> _Exercise details_:
Reproduce each line of the entries that carries "Probiotics".

(Provided data begins)

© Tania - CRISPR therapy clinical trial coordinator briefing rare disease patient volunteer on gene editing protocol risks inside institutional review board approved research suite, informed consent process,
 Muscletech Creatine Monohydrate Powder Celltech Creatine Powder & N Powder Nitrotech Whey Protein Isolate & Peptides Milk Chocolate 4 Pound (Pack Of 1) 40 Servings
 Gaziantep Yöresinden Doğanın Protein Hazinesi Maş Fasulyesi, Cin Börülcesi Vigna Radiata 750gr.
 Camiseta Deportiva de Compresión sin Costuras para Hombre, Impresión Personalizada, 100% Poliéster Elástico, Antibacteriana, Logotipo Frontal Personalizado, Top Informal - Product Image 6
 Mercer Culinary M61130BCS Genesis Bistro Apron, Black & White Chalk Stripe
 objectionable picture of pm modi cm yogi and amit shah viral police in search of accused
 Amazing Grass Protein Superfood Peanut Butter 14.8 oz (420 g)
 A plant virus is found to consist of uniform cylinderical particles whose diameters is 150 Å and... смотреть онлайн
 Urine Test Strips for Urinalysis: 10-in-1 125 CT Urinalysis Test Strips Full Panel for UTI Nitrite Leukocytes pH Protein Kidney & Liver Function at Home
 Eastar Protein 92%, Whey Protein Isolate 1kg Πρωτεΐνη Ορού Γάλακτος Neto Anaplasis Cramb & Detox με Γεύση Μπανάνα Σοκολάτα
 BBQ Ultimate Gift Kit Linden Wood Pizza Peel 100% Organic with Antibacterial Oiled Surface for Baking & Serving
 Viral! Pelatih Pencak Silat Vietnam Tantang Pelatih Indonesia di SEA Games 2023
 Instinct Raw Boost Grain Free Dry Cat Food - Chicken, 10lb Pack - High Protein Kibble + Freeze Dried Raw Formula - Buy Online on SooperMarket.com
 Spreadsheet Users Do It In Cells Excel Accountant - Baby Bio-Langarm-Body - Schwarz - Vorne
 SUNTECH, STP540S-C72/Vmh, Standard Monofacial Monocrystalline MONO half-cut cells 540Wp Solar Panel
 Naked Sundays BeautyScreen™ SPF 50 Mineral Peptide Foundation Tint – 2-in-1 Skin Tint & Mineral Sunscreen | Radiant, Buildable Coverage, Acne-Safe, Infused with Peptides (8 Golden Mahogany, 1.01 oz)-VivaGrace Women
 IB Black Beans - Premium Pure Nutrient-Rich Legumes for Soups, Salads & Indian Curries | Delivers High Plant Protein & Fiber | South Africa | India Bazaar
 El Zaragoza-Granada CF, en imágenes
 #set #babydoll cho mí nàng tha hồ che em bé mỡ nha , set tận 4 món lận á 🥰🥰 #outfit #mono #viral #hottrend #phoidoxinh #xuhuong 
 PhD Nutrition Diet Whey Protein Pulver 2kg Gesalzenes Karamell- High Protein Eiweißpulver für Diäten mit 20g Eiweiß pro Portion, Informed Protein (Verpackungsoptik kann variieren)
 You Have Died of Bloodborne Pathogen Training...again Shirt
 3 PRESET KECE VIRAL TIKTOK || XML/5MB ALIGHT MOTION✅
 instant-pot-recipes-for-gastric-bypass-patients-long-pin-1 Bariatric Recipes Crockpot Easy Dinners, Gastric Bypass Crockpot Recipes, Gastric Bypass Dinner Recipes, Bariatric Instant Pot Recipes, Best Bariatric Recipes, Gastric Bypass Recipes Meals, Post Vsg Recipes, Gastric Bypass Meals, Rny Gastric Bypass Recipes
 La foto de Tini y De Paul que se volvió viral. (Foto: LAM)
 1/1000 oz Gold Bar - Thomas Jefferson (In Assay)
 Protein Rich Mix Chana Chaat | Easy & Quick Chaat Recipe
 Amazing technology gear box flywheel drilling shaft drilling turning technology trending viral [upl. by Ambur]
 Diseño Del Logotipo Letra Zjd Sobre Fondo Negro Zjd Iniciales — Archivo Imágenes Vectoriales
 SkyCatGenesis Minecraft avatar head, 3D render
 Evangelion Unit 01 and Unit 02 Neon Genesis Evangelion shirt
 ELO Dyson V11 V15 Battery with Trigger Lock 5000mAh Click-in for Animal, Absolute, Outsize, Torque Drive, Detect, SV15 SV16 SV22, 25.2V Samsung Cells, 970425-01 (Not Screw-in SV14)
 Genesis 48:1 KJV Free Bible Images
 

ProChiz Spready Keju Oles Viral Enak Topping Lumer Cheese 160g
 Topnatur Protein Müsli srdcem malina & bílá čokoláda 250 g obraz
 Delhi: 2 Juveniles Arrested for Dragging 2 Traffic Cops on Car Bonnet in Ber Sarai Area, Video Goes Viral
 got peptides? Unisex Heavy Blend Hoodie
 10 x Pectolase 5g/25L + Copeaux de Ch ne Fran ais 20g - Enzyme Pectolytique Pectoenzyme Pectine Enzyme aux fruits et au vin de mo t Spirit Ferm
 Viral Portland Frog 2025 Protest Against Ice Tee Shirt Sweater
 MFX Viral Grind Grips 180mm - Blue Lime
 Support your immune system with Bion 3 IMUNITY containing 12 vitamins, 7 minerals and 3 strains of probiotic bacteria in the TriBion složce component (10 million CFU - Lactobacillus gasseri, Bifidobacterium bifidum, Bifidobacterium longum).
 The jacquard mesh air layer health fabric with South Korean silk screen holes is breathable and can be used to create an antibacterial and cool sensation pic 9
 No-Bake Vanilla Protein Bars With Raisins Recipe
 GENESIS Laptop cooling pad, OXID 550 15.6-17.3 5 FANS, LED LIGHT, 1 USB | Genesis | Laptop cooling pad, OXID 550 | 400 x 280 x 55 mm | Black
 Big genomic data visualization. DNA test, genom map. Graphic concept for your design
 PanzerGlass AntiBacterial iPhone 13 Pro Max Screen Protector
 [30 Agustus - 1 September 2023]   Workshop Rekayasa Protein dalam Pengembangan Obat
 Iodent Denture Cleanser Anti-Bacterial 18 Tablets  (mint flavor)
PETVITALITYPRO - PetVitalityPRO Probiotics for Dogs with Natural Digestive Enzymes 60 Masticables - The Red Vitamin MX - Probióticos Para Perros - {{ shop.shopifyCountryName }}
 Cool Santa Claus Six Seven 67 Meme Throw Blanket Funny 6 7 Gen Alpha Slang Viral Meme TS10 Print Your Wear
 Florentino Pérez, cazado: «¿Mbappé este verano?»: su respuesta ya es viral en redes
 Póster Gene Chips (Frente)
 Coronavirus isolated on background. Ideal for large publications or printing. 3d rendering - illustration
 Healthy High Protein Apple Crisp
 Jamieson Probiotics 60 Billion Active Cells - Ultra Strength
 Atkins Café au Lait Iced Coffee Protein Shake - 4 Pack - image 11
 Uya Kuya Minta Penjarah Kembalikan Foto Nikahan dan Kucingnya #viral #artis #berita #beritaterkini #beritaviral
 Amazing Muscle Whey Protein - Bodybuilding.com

(Provided data ends)

> _Response_:
PETVITALITYPRO - PetVitalityPRO Probiotics for Dogs with Natural Digestive Enzymes 60 Masticables - The Red Vitamin MX - Probióticos Para Perros - {{ shop.shopifyCountryName }}
 Jamieson Probiotics 60 Billion Active Cells - Ultra Strength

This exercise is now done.